4) They need water: Frogs need to be near ponds year round.  Toads need ponds during the mating season.  Here are some hints about building a frog/toad pond:

- Make it deep enough so it won’t freeze solid in the Winter (18 inches or more).

- Frogs and toads like still water, so use a minimum fountain or no fountain.

- The tadpoles will keep your pond clean of algae.

- Frogs and toads will keep it clean of mosquitoes and larvae.

How to keep them Healthy

1) Avoid using pesticides, herbicides, and fungicides.  Use natural plantings that are hardy without chemical help.

2) Keep grass around the pond cut short.  Frogs and toads will hide in long grass so you cannot see them, and then will not survive a mower blade.

3) Don’t put fish in your pond.  Fish will eat tadpoles.

4) Provide places to bask and hide.  How about laying a log part in, part out of the pond.  A pile of rocks is a great place to sun bath and hide if necessary.

5) If you use mesh to cover some of your garden crops:  Use a mesh with 1 1/2″ square holes or greater to keep the frogs and toads from getting entangled.

6) Domestic pets:  Do your best to keep your dog and cat separate from your garden frogs and toads.

Timing Considerations

Copyright Anita Hayden

 Mrs. Frog says, “If you build it, they will come.”  Give the garden frogs and toads in your neighborhood time to populate your little piece of paradise naturally.
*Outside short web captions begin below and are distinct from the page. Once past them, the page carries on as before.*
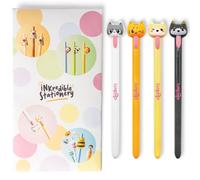 Puckator Adoramals - Lot de 4 stylos à bille fantaisie motif chat et chien avec action clic sur la languette | Accessoires de bureau mignons, papeterie cadeau, encre noire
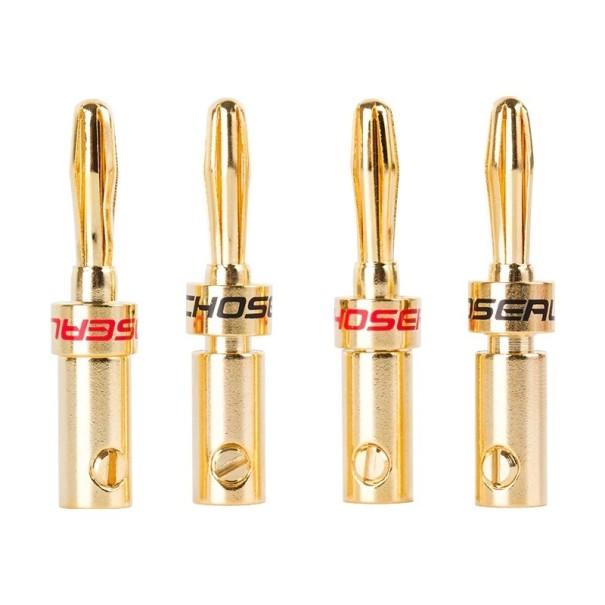 Conectores banana para cables de altavoces Paquete de 4 unidades Fijación del cable con tornillo sin soldadura Color dorado Marcado en rojo y negro 1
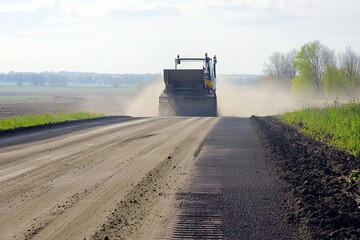 Fototapeta premium The road paving machine works in a rural area, paving a new road through open fields. Dust rises in the distance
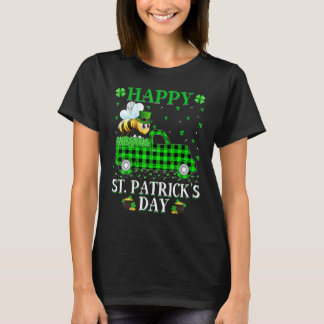 Funny Buffalo Plaid Green Truck Bumble Bee St Patr T-Shirt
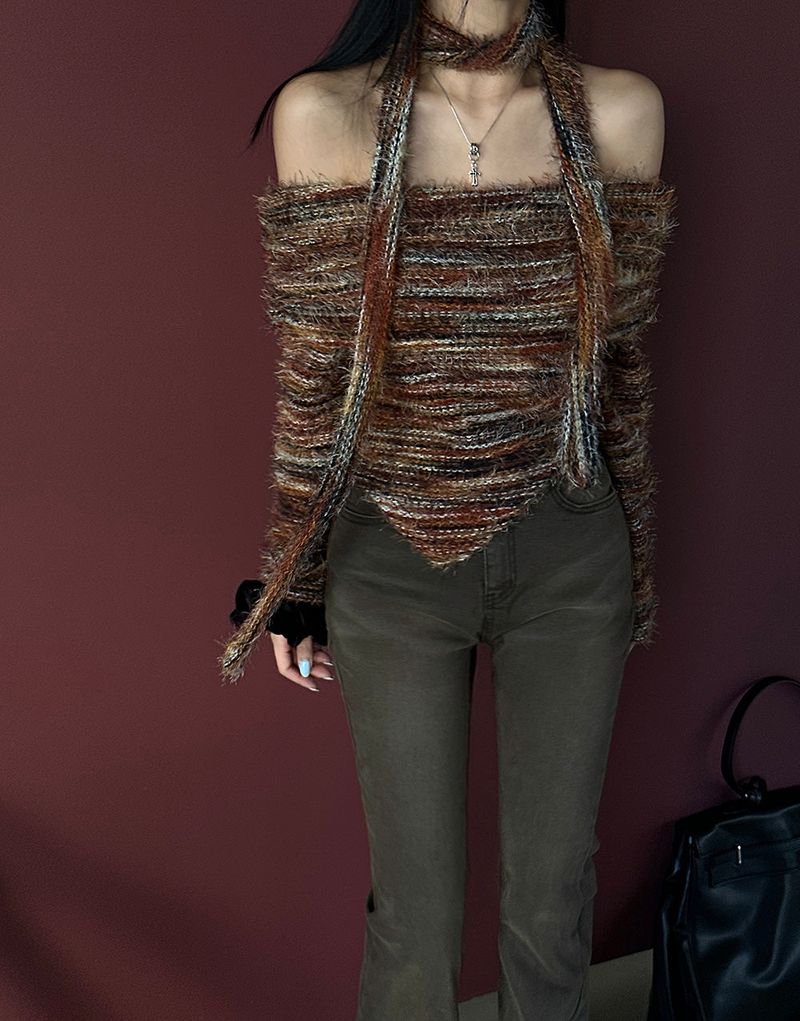Muffler SET Off-Shoulder Mixed Knitwear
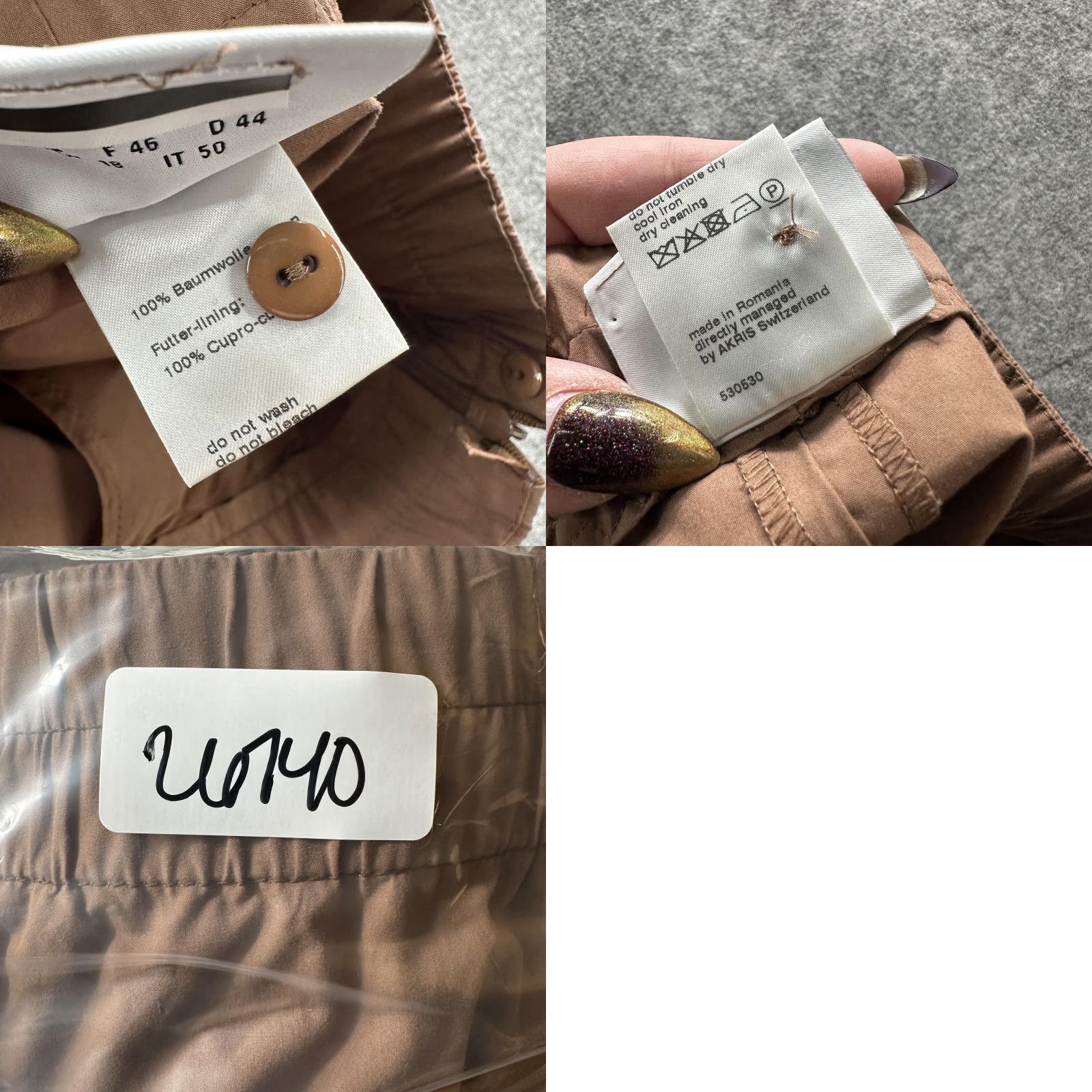 Vintage Akris Punto Pants Womens 14 Brown Ankle Straight Leg Elastic Waist Lined Cupro Pants Size 36" / US 14 / IT 50 - 11 Thumbnail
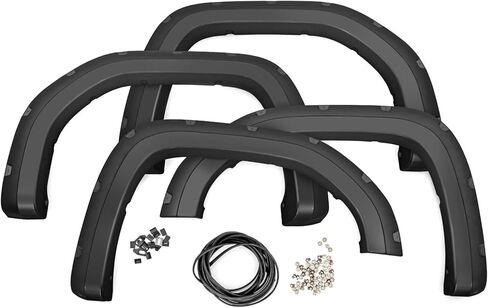 Rough Country Pocket Fender Flares for GMC Sierra (2019-2026 & Refresh) - 2" Extra Tire Coverage, UV-Resistant ABS, Flat Black (Set of 4) in Saudi Arabia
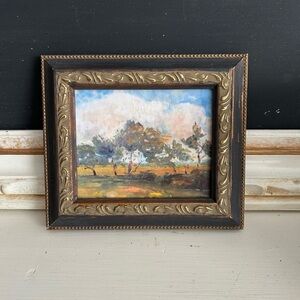 Framed Landscape Print with Gold and Black Accents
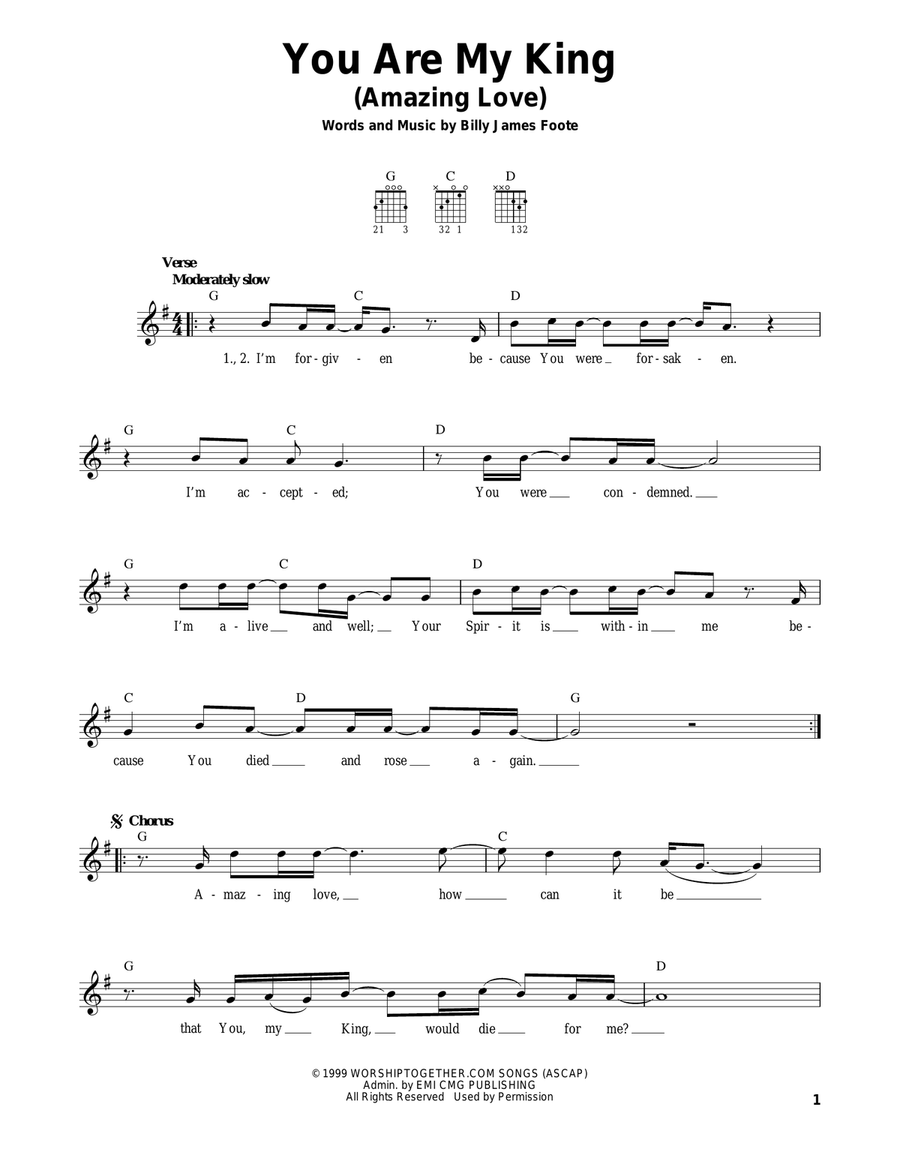 You Are My King (Amazing Love) Easy Guitar scores gallery preview page 1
Don’t try to capture frogs and toads elsewhere and bring them to your place - they will probably either try to migrate back home or possibly die.

And DON’T buy frogs or toads from a pet store and introduce them to your garden.  They are not native creatures.  They will become an invasive species and disrupt the natural balance of your local ecosystem.

It may take a couple of seasons for your garden frog and toad population to balance out, but you will be glad for the effort you put in to attract them.